STARRING CARL BOEHM, ANNA MASSEY, MOIRA SHEARER, MAXINE AUDLEY, MICHAEL POWELL, COLUMBA POWELL AND MILES MALLESON.
REVIEW BY SANDRA HARRIS. ©
(Severe Warning: Written early on in my reviewing days and chock-a-block with spoilers!!! It’s virtually all spoilers, so read on at your peril and don’t come complaining to me, lol.)
Mark Lewis is a very, very naughty boy. Do you know what he does? Can you guess? You’ll never guess, so I suppose I’ll have to tell you, just this once. He murders women, but that’s not all.
He also likes to film their final moments, and the terror on their faces as he stabs them in the throat with a nasty spike that sticks out of his camera… That’s a new one, isn’t it? I bet you haven’t heard that one before.
He’s not just committing these atrocious deeds willy-nilly, however. Certainly not. He had an exceptionally messed-up childhood. Yes, yes, I know we all did, but Mark’s was more messed-up than most.

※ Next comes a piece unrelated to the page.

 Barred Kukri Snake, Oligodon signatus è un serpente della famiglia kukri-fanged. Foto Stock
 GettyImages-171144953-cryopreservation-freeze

His father, a writer of dreary scientific tomes, filmed Mark constantly throughout his formative years. What’s wrong with that, you say? Nothing wrong with keeping a record of your son’s childhood. Is there…?
No, no. You don’t understand. Scientist Professor Lewis filmed his son’s reactions to the most sinister and inappropriate situations, like his mother’s death and subsequent burial, and having his father deposit a lizard in his bed without warning. Now do you see…?

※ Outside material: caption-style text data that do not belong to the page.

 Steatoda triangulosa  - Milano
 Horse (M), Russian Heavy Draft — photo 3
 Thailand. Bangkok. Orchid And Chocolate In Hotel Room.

Professor Lewis was one sick dude- you can take that to the bank- and he’s pretty much wholly responsible for his son Mark’s turning out the same way.
Mark has become a ‘scoptophiliac,’ a voyeur, a Peeping Tom, someone who gets pleasure out of watching someone else who is unaware that they are being watched.
The technical, textbook definition of a Peeping Tom is ‘a person who derives sexual pleasure from secretly watching people undressing or engaging in sexual activity.’
However, Mark Lewis in this film just seems to like filming people in general, and their reactions to things in particular, just like his own father did. Although Mark still suffers from a paraphilia, or sexual disorder, ie, voyeurism, we are not aware that he is thinking about sex the whole time he’s filming people. He is getting excited, however, so maybe that’s the same thing.
Anyway, he’s never seen without his camera. He’s made a career out of his passion. He works as a focus-puller for a film studio, and on the side he shoots so-called ‘glamour’ pics for a seedy Soho newsagent. Nudes, and so on.
The scene where a ‘respectable’ middle-aged, obviously married man (Hammer’s Miles Malleson) comes into the newsagent asking to see the shopkeeper’s ‘views’ and the shopkeeper produces a book of nudie photos from under the counter for the man to choose from is hilarious. Hilarious in the sense that that was how they did porn in the Fifties…! Nowadays porn is freely available at the touch of a button. Back then, you had to take what you could get. Â
Mark murders a hooker, a two-bit stand-in actress/dancer from the studio where he works and a stunning blonde nude model he was meant to be photographing. He films all three of their agonised deaths and watches the films back afterwards in his flat.
I think it’s safe to say that he masturbates while watching them and they’re how he attains his climax. I’d even venture to say that, without the stimulus of the voyeurism which is his particular paraphilia or sexual disorder, he might find it difficult or even impossible to ejaculate. I’m guessing, therefore, that, in such a situation, he’d have to fantasise about the voyeurism or a voyeuristic situation in order to achieve a successful conclusion, as it were.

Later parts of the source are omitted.